Let's say you are generating three kinds of product, and that products B & C are both derived from the same intermediate product A. For each kind of product (i.e., for each segment of the pipeline) you set up:
a compute resource (maybe a lambda function, or a cluster of virtual machines, or an autoscaling kubernetes job) to generate the product.
a queue (describing units of work that need to be performed) to partition the work across the compute resource (so that each unit of work is processed exactly once, but separate units of work can be processed separately in parallel and asynchronously with each other).
a news feed (announcing outputs that have been produced).
Then arrange so that the input queues for B & C are both subscribing to the output announcements of A.
This makes the pipeline modular on the level of infrastructure. Rather than having a monolithic server application that generates all three products together, different stages of the pipeline can utilise different hardware resources (for example, perhaps stage B is very memory intensive, but the two other stages can be performed with cheaper hardware/services). This also makes it easier to iterate on the development of one pipeline segment without disrupting delivery of the other products.

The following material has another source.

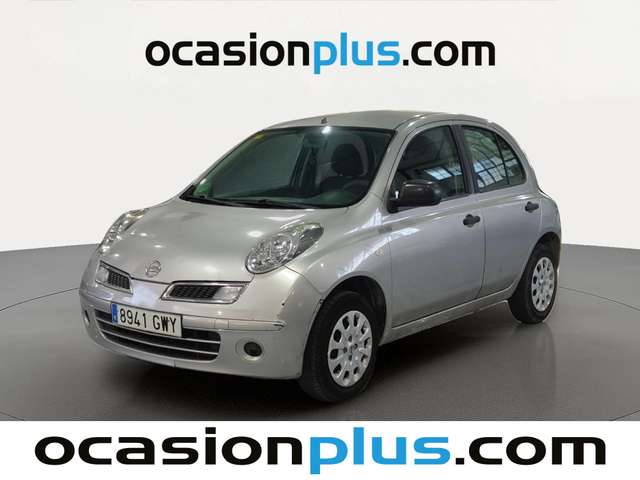 Nissan Micra 1.2 Visia (80 CV) de segunda mano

There are some key distinctions between SNS and SQS:
SNS supports A2A and A2P communication, while SQS supports only A2A
communication.
SNS is a pub/sub system, while SQS is a queuing system. You'd
typically use SNS to send the same message to multiple consumers via
topics. In comparison, in most scenarios, each message in an SQS
queue is processed by only one consumer. With SQS, messages are
delivered through a long polling (pull) mechanism, while SNS uses a
push mechanism to immediately deliver messages to subscribed
endpoints.
SNS is typically used for applications that need real time
notifications, while SQS is more suited for message processing use
cases.
SNS does not persist messages - it delivers them to subscribers that
are present, and then deletes them. In comparison, SQS can persist
messages (from 1 minute to 14 days).
Individually, Amazon SQS and SNS are used for different use cases. You can, however, use them together in some scenarios.